Mmmm! That’s a great question! It’s up to us all, meaning all the artists who belong to the Rock Movement. We ought to make it accessible, meaningful and genuine. We are responsible for raising the numbers its audience, by helping people express themselves via our music and get attached to what they’re listening and by extend to what they see. As we said above, the stimulus exists for rock to thrive. If we look at it through its ‘celebrity’ side as well as many artists do, we will surely fail at everything. If we’re releasing tracks and albums that are rushed and perfunctory, in order to release something just for the sake of it and just because it’s that easy nowadays, then we’ll just bless each other’s beards and no one will ever be interested again in what we do. Lastly, it is fashionable for 4 to 5 outstanding musicians to form a group even though they are already members in other groups, to create music that on one hand is excellent music-wise and perfect technically, though they lack on the other hand inspiration, due to lack of time and the kind of loyalty that every work requires and must have. Of course there are exceptions, but these are just too few. Slackness will not help keep us alive. Even if we just turn to the past and see the big names we all grew up listening to, no Ozzy, no Hetfield, no Angus Young, no Lemmy and so many others had 3-4 side projects to work with on the side. They made us shudder because they believed in this one thing they had and did it well. So we believe that we are the first ones who are responsible for everything. Everything else comes second. Things like the music industry, downloading etc. are things that are true but they are beyond our own responsibility and do not go through our own hands.

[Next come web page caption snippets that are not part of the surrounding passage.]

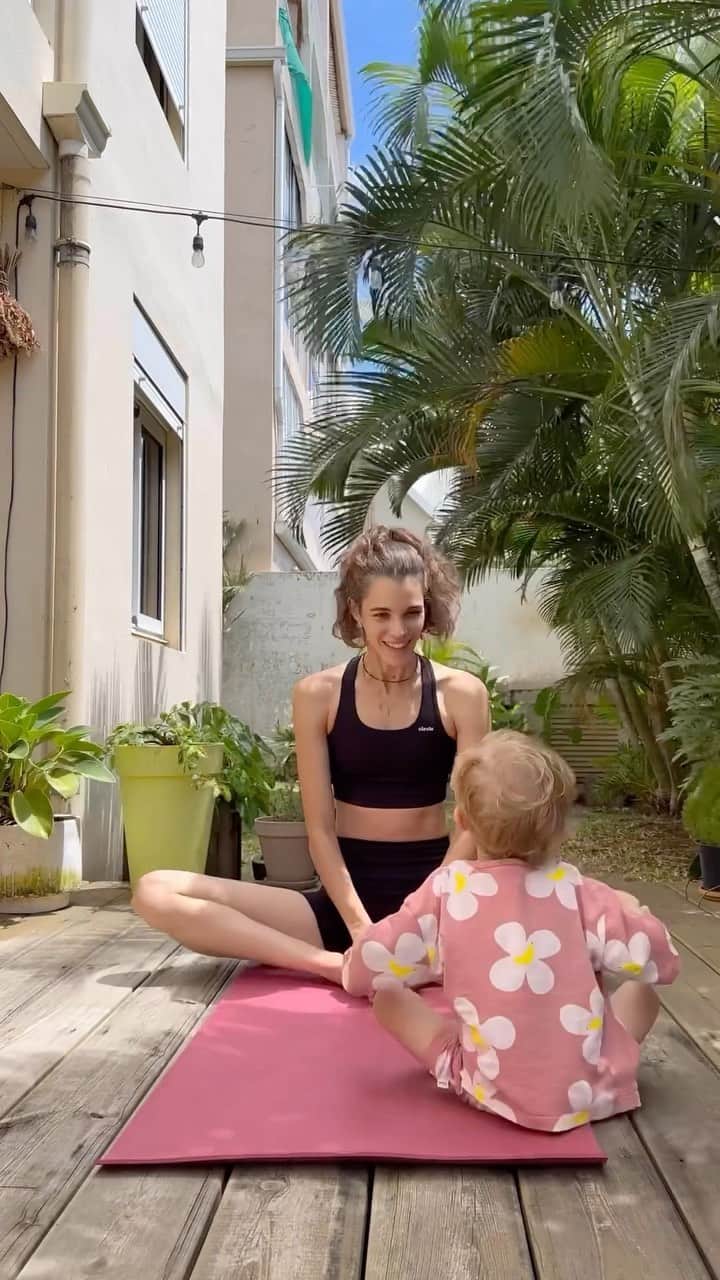 ポーリーヌ・オアロのインスタグラム：「This kind of holiday session 🌴🐨 With my mini yogi   #yoga #tropics #family」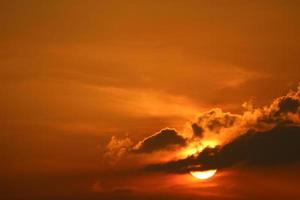 puesta de sol en el cielo y el rayo de sol silueta posterior nube de la tarde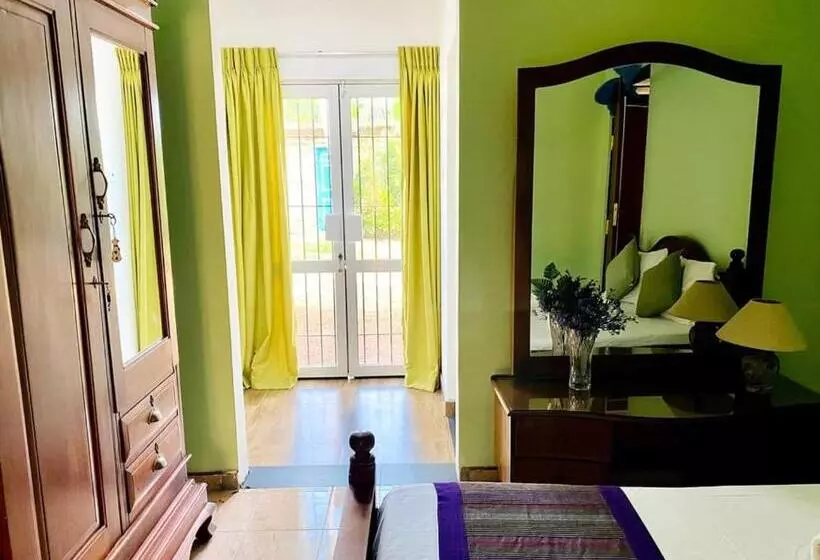 Hotelli Velapura River Garden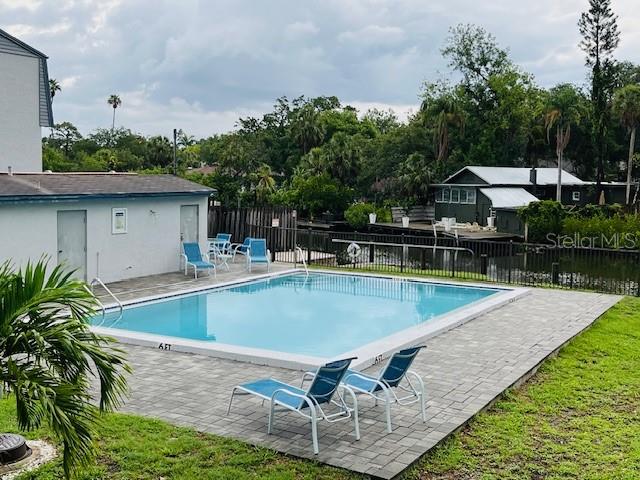 2124 N TAMIAMI TRAIL 108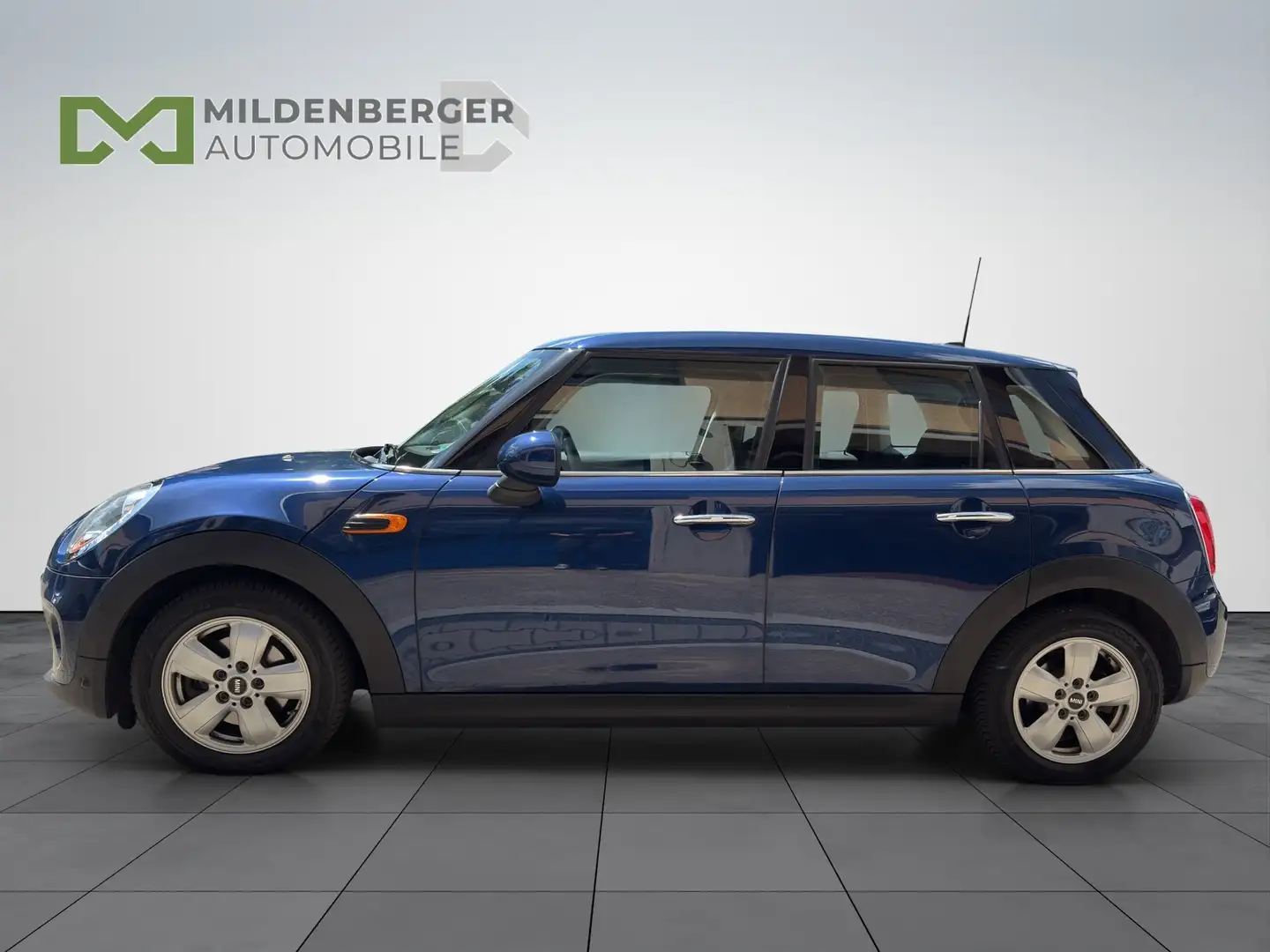 MINI Cooper D Cooper D Blau - 2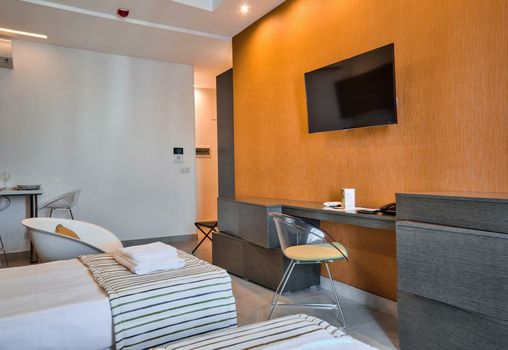 Jules Suites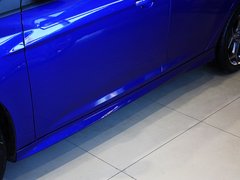 2013款 ST 2.0T 手动 橙色版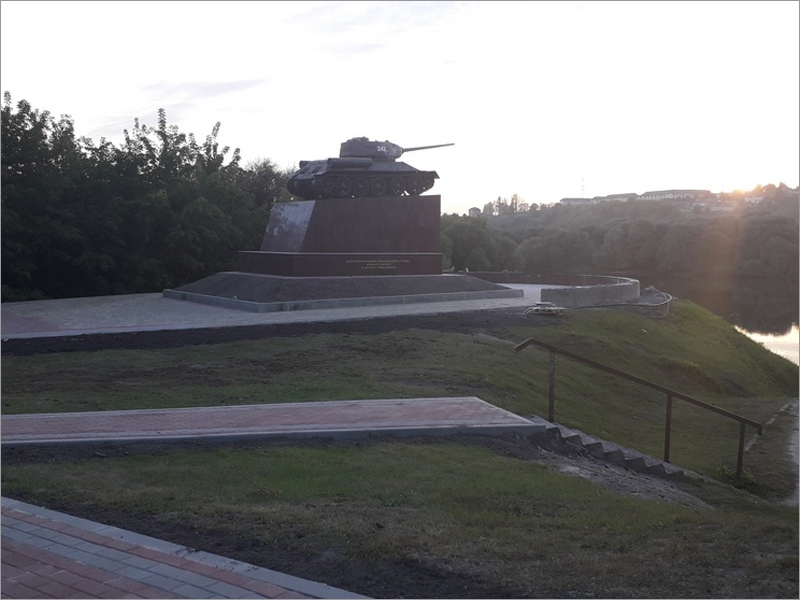 Нефтяники «Дружбы» выделили 4 млн. рублей на благоустройство памятника танкистам в Брянске
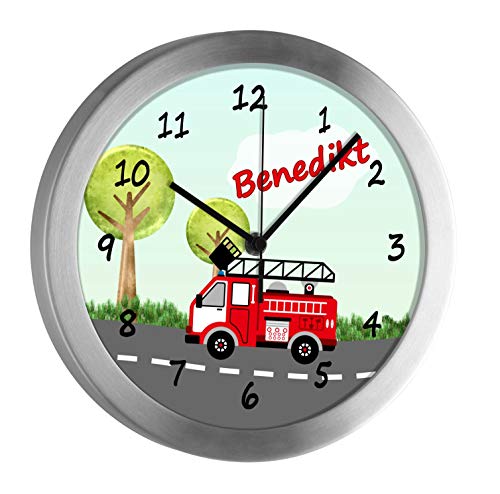 CreaDesign Kinder Funkwanduhr mit (Wunsch) Namen | Kinderzimmer Funkuhr| mit Analog ? Ziffernblatt | geräuscharm | Wanduhr Kind | Motiv Feuerwehr Landschaft von CreaDesign
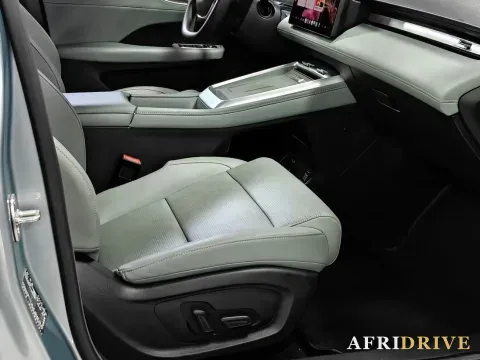 2025 Roewe D6 5
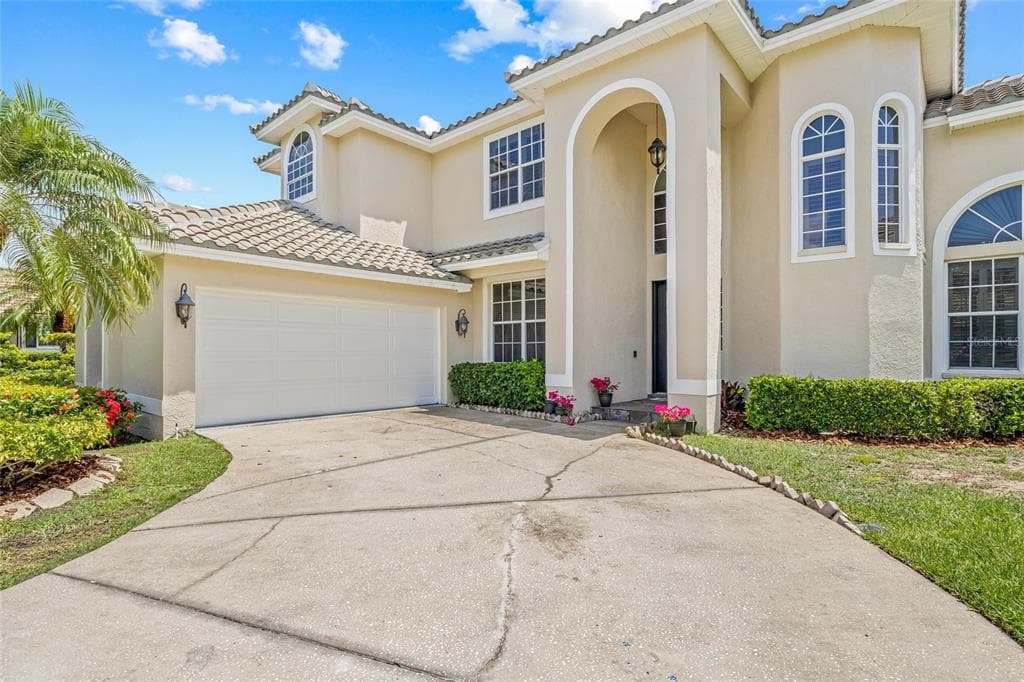 1191 DARLINGTON OAK DRIVE NE ST PETERSBURG, FL 33703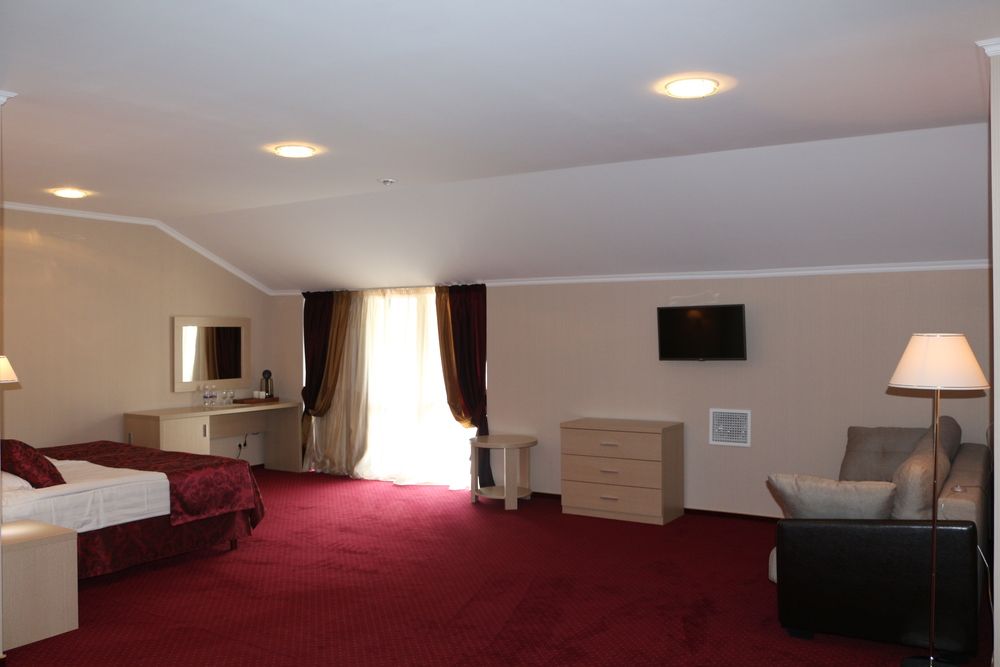 Гостиница «Delmont Hotel» фото 7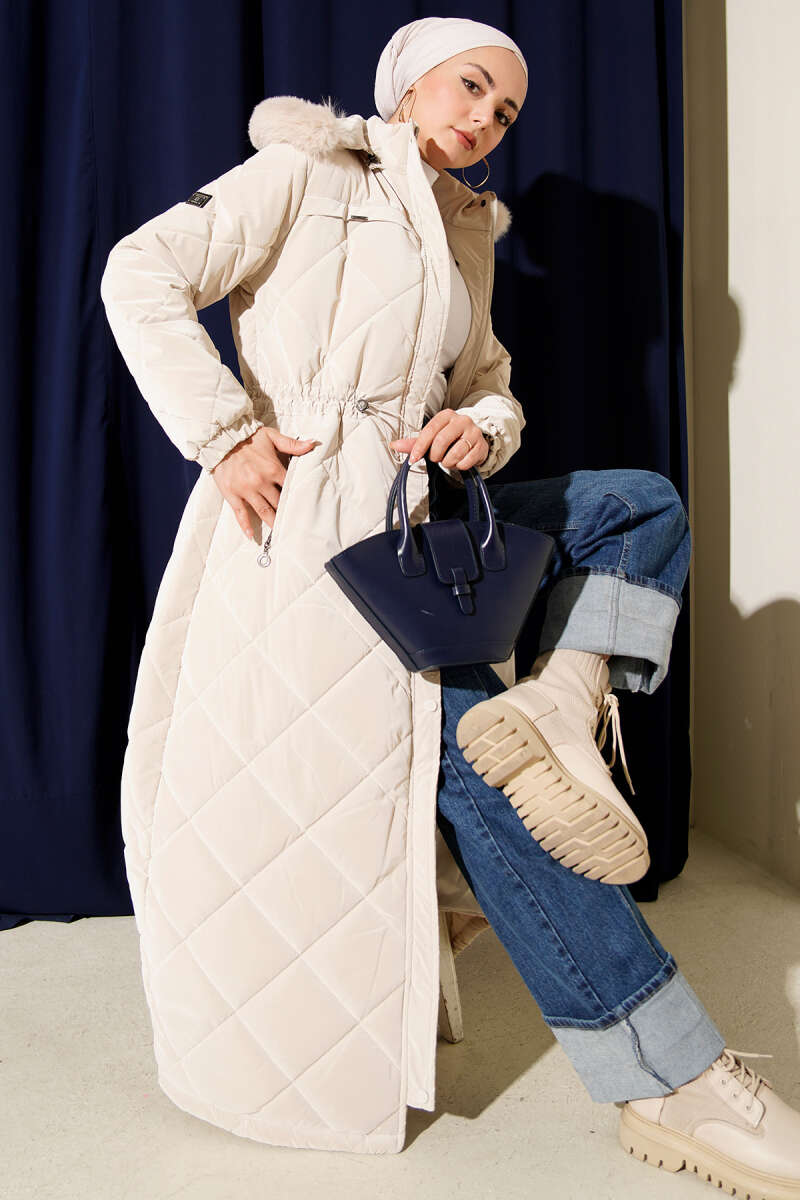 Bel Tünelli Kapüşonlu Kapitone Mont taş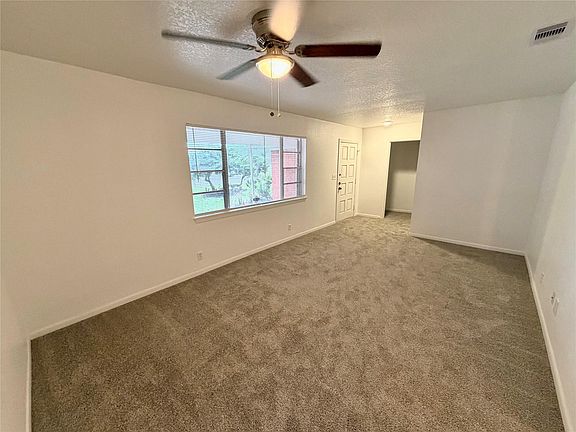 3rd image of 316 Angle St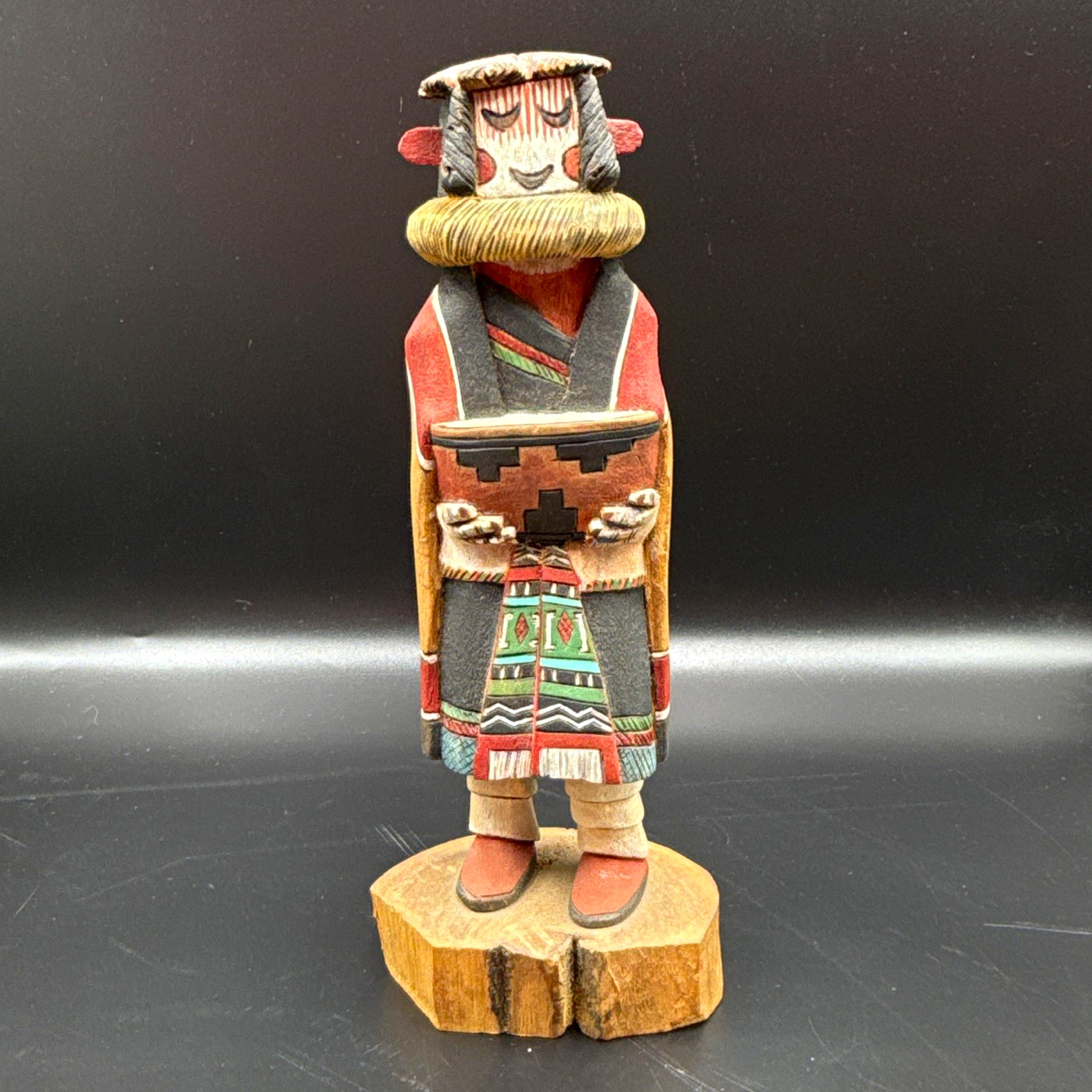 Vintage 1992 Delwyn Harvey Hopi Hahay-i-wu-uti (Grandmother) Kachina Doll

Your debut “Virtue & Vice” was released in November 2016. Are there any plans for a new release? If so, would you like to give us some information?
Of course! As we said at the beginning, we are in the stage of composing the new tracks (we are above the middle) and we are very excited about the result so far. The goal is to raise the bar again, and to pull out any maturity that has emerged in us synthetically from the ‘Virtue & Vice’ release so far. We estimate it will be released, if not in the late 18s, then surely early 2019. If you want some exclusive information, we are letting you know that the heroine of ‘Virtue & Vice’ Daza will also star in the second album because we liked it a lot and people embraced her well, so she’ll be back! And something else, we will fight for our second album to be released straight in vinyl!
You are about to perform on the Eightball scene along with Shotgunz and Nightstalker. What have you prepared for us? What to expect from the Leftover Bullets? An intense show like you’ve got us used to?
Yes, we are very excited about this show and we’re looking forward to performing on that stage! We chose this day to perform two new tracks coming from our upcoming album! One is called “Confused” and the other “Free Speech For Sale” and we are anxious to see how the world will react!
Brilliantly! That’s all from me for the time being! More to come on Sunday! Thank you again for making the time for this interview. The last words are yours!
We have to thank you as well for giving us the opportunity to make the band known to even more people. Your questions were on point and elaborate enough. That’s the kind of interviews we like! We’ll see you at the show! Keep rocking guys! You do it well!!!